A rotary table with indexing capability instead of an index table. Perhaps to include super spacer capability on top of the general indexing rather than as a replacement for it. One of my greatest (recognized) uncertainties is the value of super-spacing on top of indexing. Super spacer capability appears to more than double the cost for any given size table for a particular brand.

6 or 8" with 8 seeming to make more sense. FYI, this is going on a PM 935.

Big preference for Taiwan (of course I'd be.. willing.. to consider Switzerland or Germany:) and big preference for manufacturers willing to actually put their name on it.

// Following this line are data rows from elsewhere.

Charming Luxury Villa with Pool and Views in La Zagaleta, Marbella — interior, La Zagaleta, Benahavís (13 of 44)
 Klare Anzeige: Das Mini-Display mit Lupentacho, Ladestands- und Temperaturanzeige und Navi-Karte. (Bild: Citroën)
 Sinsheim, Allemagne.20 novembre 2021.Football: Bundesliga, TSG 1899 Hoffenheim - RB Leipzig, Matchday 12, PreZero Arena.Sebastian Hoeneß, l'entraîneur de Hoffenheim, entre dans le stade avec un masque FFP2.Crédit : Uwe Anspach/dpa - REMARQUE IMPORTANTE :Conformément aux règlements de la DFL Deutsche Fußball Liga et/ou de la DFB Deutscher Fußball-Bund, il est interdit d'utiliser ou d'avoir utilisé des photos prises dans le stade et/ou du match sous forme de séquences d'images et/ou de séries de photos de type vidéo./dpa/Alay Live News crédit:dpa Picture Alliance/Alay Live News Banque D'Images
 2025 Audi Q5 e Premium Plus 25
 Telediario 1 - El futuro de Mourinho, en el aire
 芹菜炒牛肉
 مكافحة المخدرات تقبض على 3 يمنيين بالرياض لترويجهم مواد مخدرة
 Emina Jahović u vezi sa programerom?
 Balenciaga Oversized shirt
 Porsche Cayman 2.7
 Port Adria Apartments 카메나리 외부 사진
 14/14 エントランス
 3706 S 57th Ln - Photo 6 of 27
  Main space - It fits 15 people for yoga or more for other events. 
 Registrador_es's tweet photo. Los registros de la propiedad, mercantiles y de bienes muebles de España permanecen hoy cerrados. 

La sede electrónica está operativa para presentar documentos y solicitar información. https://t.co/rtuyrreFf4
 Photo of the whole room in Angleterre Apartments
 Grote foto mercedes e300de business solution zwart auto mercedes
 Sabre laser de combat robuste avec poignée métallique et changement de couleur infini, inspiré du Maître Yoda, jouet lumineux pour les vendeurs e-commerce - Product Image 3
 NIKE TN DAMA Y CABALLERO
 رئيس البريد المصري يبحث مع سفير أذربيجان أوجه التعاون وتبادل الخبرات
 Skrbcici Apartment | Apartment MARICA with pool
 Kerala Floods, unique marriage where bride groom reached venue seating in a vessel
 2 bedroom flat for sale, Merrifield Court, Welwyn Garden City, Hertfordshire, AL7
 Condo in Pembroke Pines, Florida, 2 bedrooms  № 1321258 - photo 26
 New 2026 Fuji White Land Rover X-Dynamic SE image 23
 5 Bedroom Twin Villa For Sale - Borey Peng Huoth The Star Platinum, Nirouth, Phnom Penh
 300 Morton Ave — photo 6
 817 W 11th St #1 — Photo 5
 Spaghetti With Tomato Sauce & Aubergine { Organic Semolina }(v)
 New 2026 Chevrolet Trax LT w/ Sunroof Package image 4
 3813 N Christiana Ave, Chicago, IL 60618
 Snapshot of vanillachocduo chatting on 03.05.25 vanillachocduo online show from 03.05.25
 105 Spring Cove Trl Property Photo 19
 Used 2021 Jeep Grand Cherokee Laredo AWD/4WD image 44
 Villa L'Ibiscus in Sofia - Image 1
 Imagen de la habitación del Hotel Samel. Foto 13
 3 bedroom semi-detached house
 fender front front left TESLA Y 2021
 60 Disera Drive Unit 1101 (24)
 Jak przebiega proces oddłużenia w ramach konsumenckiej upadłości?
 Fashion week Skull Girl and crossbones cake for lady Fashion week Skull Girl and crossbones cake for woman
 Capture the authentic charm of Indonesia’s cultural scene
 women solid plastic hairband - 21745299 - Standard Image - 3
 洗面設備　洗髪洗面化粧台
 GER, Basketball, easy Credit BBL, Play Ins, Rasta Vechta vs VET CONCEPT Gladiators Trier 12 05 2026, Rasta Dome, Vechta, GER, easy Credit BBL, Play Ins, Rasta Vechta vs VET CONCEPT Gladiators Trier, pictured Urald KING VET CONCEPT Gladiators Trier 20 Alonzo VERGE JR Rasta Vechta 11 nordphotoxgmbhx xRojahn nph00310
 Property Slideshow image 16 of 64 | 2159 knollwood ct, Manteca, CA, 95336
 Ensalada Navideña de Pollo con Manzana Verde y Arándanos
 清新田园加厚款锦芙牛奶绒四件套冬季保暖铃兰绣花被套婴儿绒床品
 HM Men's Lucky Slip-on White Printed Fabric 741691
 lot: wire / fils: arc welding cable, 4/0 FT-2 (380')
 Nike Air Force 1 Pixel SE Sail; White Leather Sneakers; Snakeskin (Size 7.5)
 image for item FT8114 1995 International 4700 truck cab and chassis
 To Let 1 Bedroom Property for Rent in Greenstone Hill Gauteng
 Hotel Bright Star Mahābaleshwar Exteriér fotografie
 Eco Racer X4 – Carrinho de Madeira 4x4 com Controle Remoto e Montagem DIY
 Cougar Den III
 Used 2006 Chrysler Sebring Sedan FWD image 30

Specific products that seem like good solutions to my zero-experience eyes, in two groupings:

The super-spacer group:
  • The cost is no object solution appears to be the Vertex 8" super spacer rotary table with indexing accessories. No missing functionality. The 2000-blade Swiss Army knife..... back home in your drawer:)
  • I like what I hear about Phase 2 but cannot determine if their 8" super spacer includes the indexing bits (sector arms, plates, etc).
  • Grizzly H7506.. I think this just a 6" table but with an 8" face plate. Mitigating factor? No apparent dividing bits.. show stopper if true.
The no-super-spacer group
  • Vertex 8" RT... dividing HW available... half the cost of the SS.
Phase-2 8" RT... dividing HW avail.
  • Grizzly - multiple 8" RT... dividing HW avail
Trying to summarize my inexperience-driven uncertainty...
  • Does it generally work out that doubling the cost of this solution to have access to SS is worth it? I know you can't speak for me... for the collective "you"... generally.
  • Since all of these are RT's a their core, I assume they are all also 90:1 instead of the 40:1 of a dedicated indexing head. I realize there is probably more precision in RT mode with 90:1 but it seems like that would get old quickly with lots of index work. Anyone with personal experience on this?
  • 10" non-SS RT's are obviously more precise as RT's... Any value in someone not making parts for F35's to go up to 10?
I'm sure there is a real possibility I have driven in a ridiculous part of solution space that is obvious to anyone with actual experience, so don't hesitate to set me straight. No beliefs here are chiseled in stone. Thanks.

CW
 
As always, it depends on what you plan to make with the tooling. If you plan to make gears of various sizes and tooth counts, a standard dividing head might be best, and versatile over many division counts. If making 4, 6, 8, 12 division holes, notches, or radial slots, then a super spacer would likely be better, and lots faster (and more idiot proof) to index. For all around use when supreme accuracy is not the end all, a horizontal/vertical rotary table with an added tail stock would be widely useful. An added set of dividing plates would give it even more functionality, and more accuracy. For a 9x35 machine, I think I would go with a 8" rotary table, have one on my 8x32 Millrite, though it is pretty heavy, ~80 pounds. A 6" is a lot lighter (and less rigid) but you will often run out of real estate for clamping down work unless you add an oversize tooling plate to the top of it. I have that issue with my 8" rotary table.
 
I have a Yaeshu(sp) 10 in Rotary Table, a bit big for my small table bridgeport and a bit on the heavy side for my age. but it does have a built in 5 degree indexing that is nice beside the dials. and for what I paid I can live with the size and weight. I got to leave right now and remove it from it hydraulic motorcyle stand for lifting to the Bridgeport and use it to pull the motor on the buggy.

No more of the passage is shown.